Wiemy, że Rafał Haj, menedżer Grega Hancocka, rozpuścił wici, że 4-krotny mistrz świata szuka klubu. Teraz Krzysztof Mrozek, prezes ROW-u Rybnik mówi, iż szuka zawodnika, który wzmocniłby zespół. Nie chce jednak zdradzić, czy chodzi mu o Hancocka, czy też jakiegoś młodego, zdolnego żużlowca pokroju Daniela Bewleya.
Znając Mrozka, można z dużym prawdopodobieństwem obstawiać, że znów wpadł mu w oko jakiś talent. Prezes ROW-u już nie raz podkreślał, że lubi łowić małe rybki. Dla niego największą satysfakcję jest odkrycie mało znanego zawodnika, danie mu szansy i obserwowanie, jak ten zadziwia żużlowych ekspertów. Rok temu Mrozek zacierał ręce, patrząc na to, co wyprawia Bewley. Teraz najpewniej ma kolejną perełkę.

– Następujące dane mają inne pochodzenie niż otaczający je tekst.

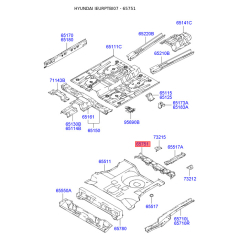 Лонжерон пола багажника 65751-1C300 Mobis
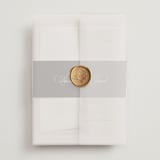 "Sibonie" - Wedding Invitations in Ivory by Melanie Kosuge - Assembled with Vellum Wrap and Wax Seal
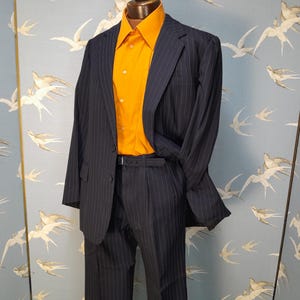 Vintage 1980s navy blue pinstripe bespoke mans suit, Hogg Sons & Johnstone 2 piece mod suit/ matching belt, 38" waist/ 28" leg/ 42" chest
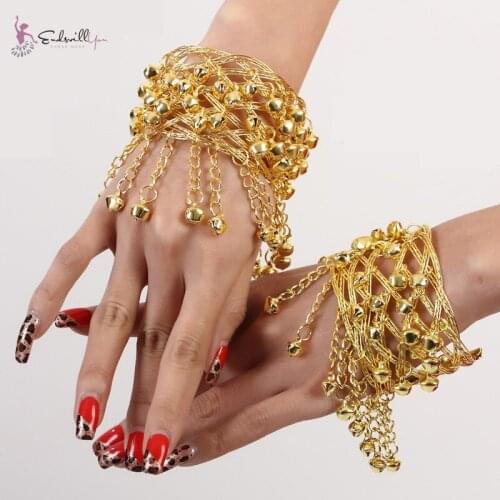 New arrivals belly dance performance metal arm chain Indian dance bell wrist band bracelet Accessories Arm ornament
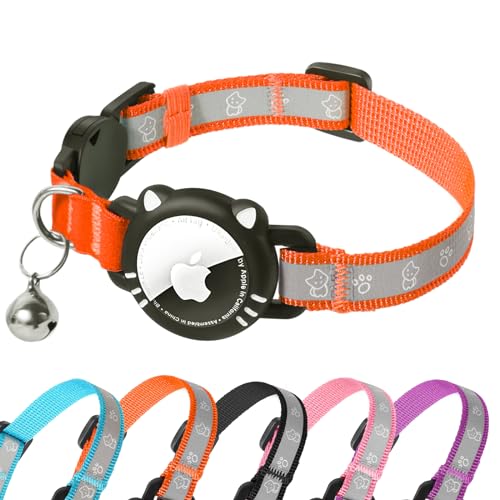 AgoumLux Airtag Katzenhalsband AirTag Halsband Katze Reflektierend mit Sicherheitsverschluss Glocke Katzenhalsbänder mit Airtag Hülle Verstellbar für Katzen, Orange, S(23-33 cm) von AgoumLux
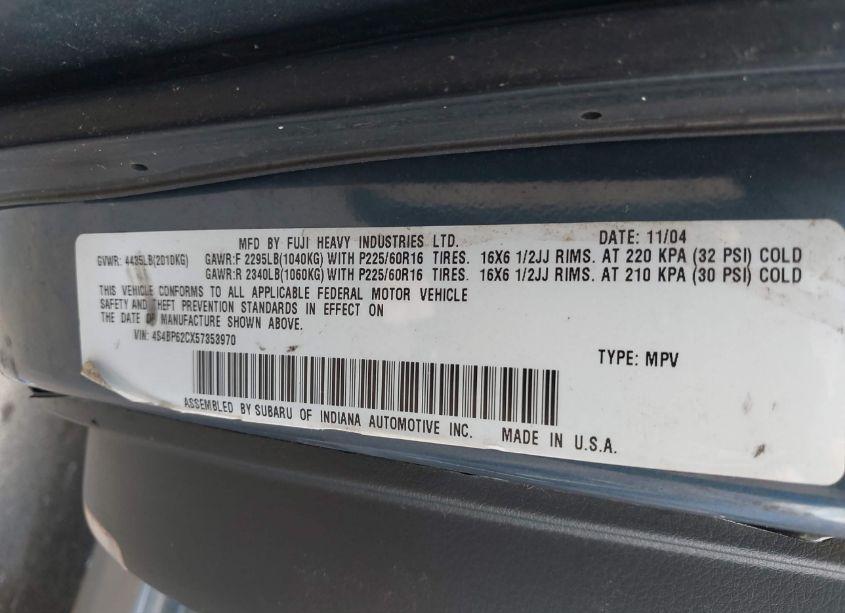 Photo 9 of 2005 Subaru Outback 2.5I LIMITED (VIN 4S4BP62CX57353970)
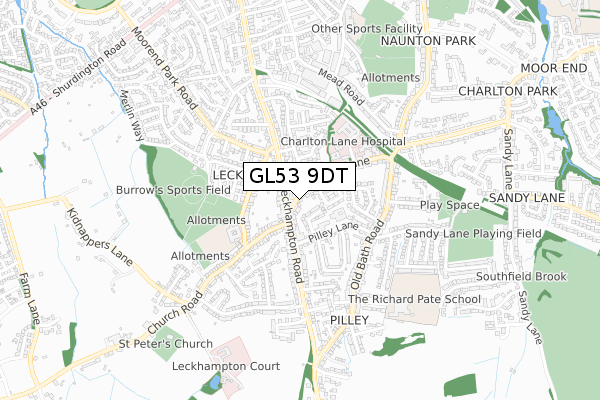 GL53 9DT map - small scale - OS Open Zoomstack (Ordnance Survey)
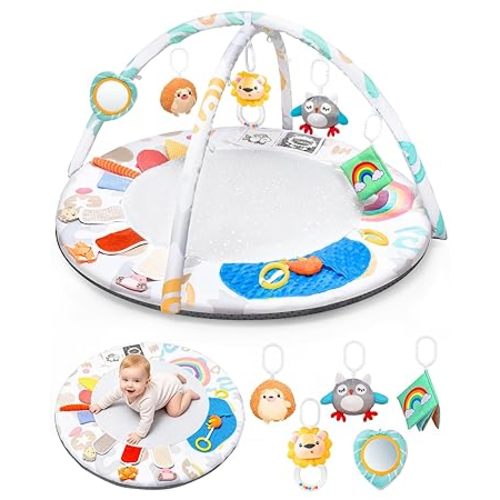 Montessori Baby Play Gym & Activity Mat for Brain Development (0-12Mo) | 5-Sensory Zones + 5 Toys |Portability Tummy Time Activity Mat Stage-Based for Newborn Brain Development Essential & Gift-Ready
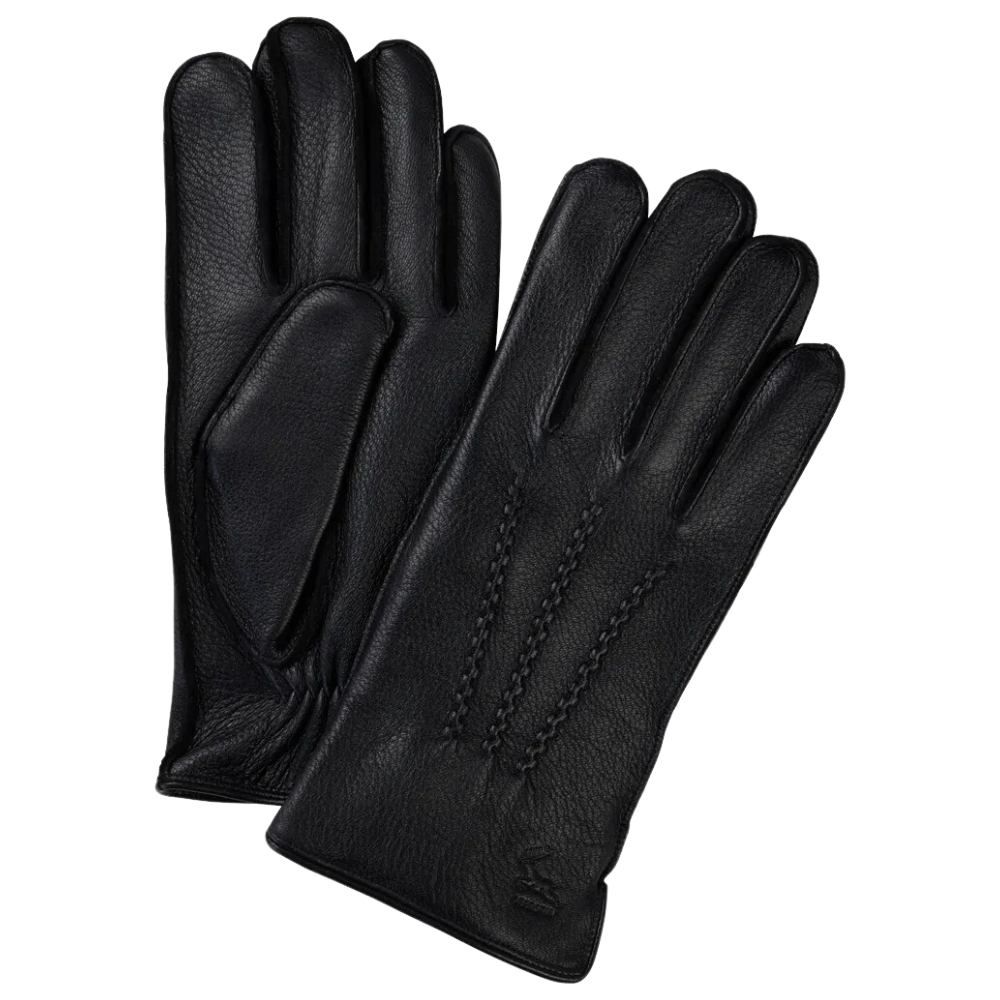 Profuomo Deer Leather Gloves - Black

Inna sprawa, że rzucenie przez prezesa ROW-u hasła o niespodziance dla kibiców i brak doprecyzowania, co nią będzie, każe się pochylić nad tematem szukającego klubu Hancocka. Co prawda zbitka Mrozek - Hancock jakoś nam się nie klei, ale kto wie. Może działacz zobaczył, jakie kłopoty miał w ostatnim oknie transferowym Speed Car Motor Lublin i chce się zabezpieczyć. Podpisując, dajmy na to 2-letnią umowę z Gregiem, byłby kadrowo gotowy na PGE Ekstraligę jeszcze bardziej niż teraz. Na ostateczne rozwiązanie zagadki przyjdzie nam poczekać. My stawiamy, że do Rybnika trafi kolejny talent, ale ostatnie słowo należeć będzie do Mrozka.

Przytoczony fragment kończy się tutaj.